Best Nanny Newsletter said...

What good does it do a parent or their children to hire the cheapest caregiver? The saying goes, "You get what you pay for." Despite the economic recession employees will still take the highest paying jobs they are offered.

Even during an economic recession parents ought to respect and fairly compensate those they hire to care for their most precious children. If parents mistreat or disrespect their nannies (daycare workers, babysitters, housekeepers, dog walkers, chef, or anyone) they will create a scornful caregiver who will look for a better job.

We are all aware of the economic recession. A nanny that has been treated with respect, paid a good salary, and provided proper benefits will be more than willing to reduce a few hours, forgo a raise for a few months, and take on a few additional chores if a parent loses a job. Nannies are human too. In fact, nannies tend to be emotional, loving, and loyal to good employers. Most nannies are more than willing to pitch-in and help out when treated respectfully.

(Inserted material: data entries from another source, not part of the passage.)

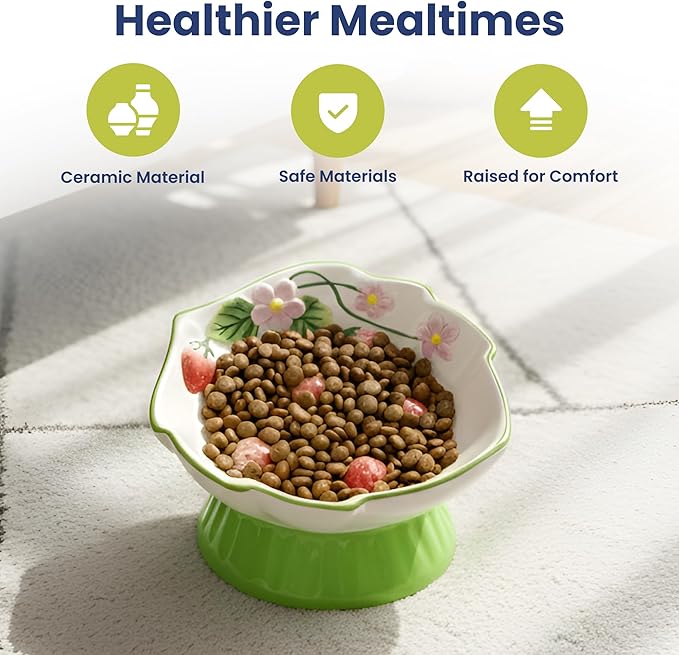 PawsPik Strawberry Blooms Elevated Ceramic Cat Bowl – Raised Cat Food Bowl with 15° Tilt, Whisker-Friendly Pet Feeding Bowl, Anti-Choking Dish, Dishwasher Safe (Green)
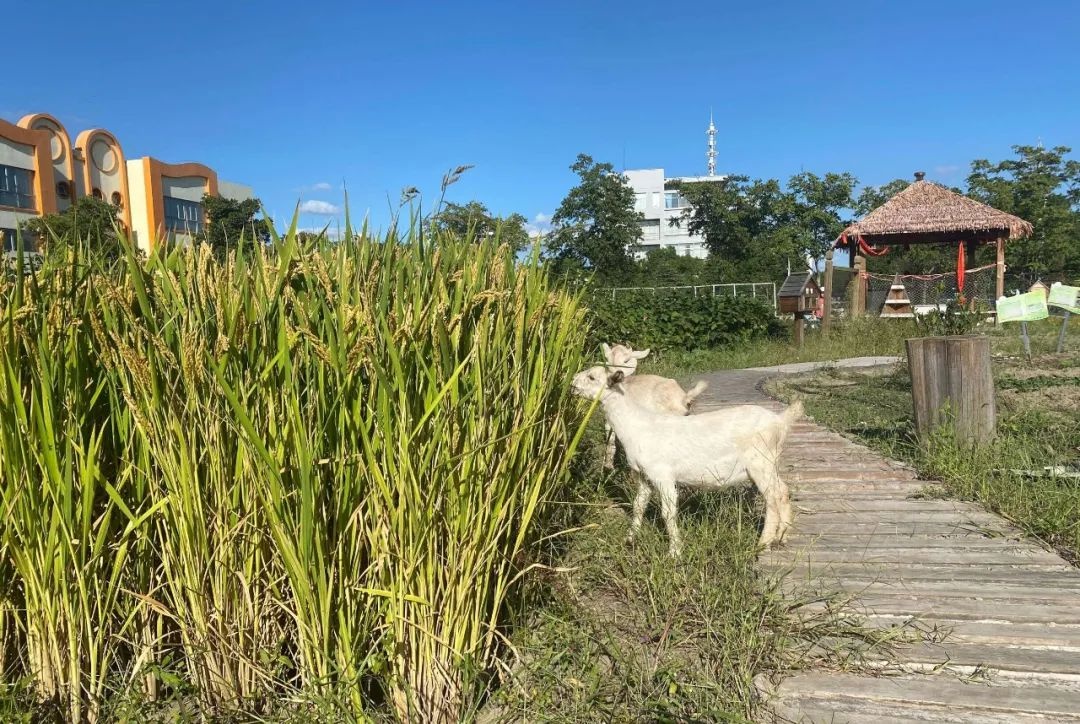 来！敲开秋日的门，感受太仓校园的秋景……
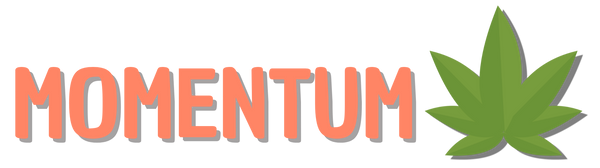 MOMENTUM-Webshop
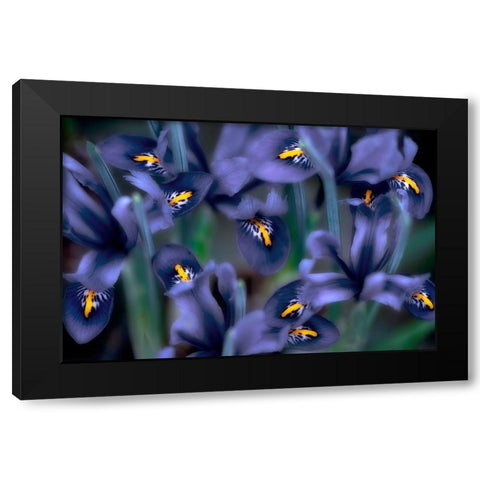 Irises Black Modern Wood Framed Art Print with Double Matting by Frates, Dennis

But, nannies also have to take care of themselves. If parents start taking advantage of their employees they will undoubtedly create scornful employees. The frustration and anger the nanny feels may eventually affect the care they provide the children.

The article in the "Washington Post" is a good reminder to nannies and parents to work hard and save money. But I want to remind parents to treat their employees as they would like to be treated. If they do so, the caregiver may actually work harder during these difficult economic times because they will feel loyal to the parents who have treated them so well.

Regardless of the economic stregth of the nation, if my employers start taking advantage of me I will start looking for a new job. Even if it takes me longer to find a job these days, I want to work for parents that respect me and make a decent wage.

For parents hoping to pay less during the economic recession just remember "You get what you pay for!"